» **What you should do**
With both ends included, repeat exactly the lines of the entries below from the one containing "1PC Sunflower Music" down to the one containing "Load image into", and no others.

» **Material shown**
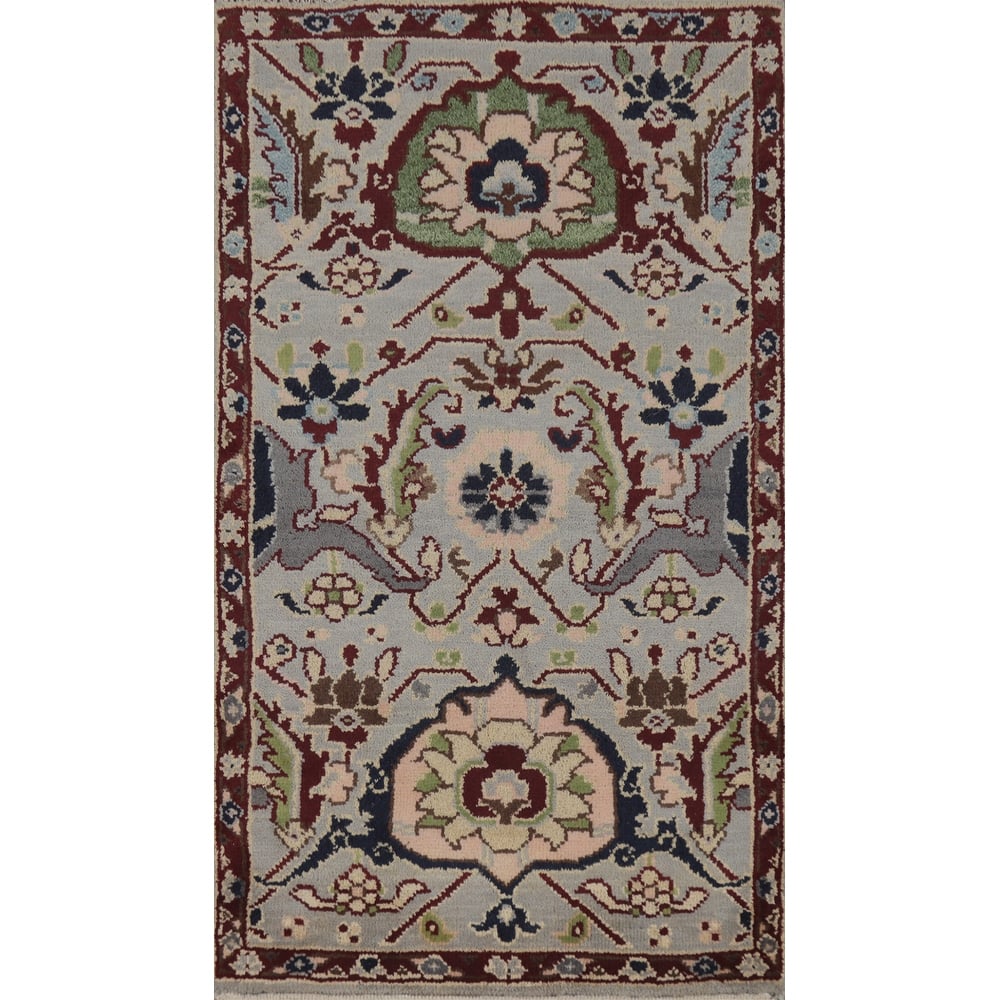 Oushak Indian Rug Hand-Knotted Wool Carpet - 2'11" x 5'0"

---

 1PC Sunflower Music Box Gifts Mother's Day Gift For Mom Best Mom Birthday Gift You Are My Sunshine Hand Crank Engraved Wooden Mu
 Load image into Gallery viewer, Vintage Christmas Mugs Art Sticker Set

» **Result for this task**
 1PC Sunflower Music Box Gifts Mother's Day Gift For Mom Best Mom Birthday Gift You Are My Sunshine Hand Crank Engraved Wooden Mu
 Load image into Gallery viewer, Vintage Christmas Mugs Art Sticker Set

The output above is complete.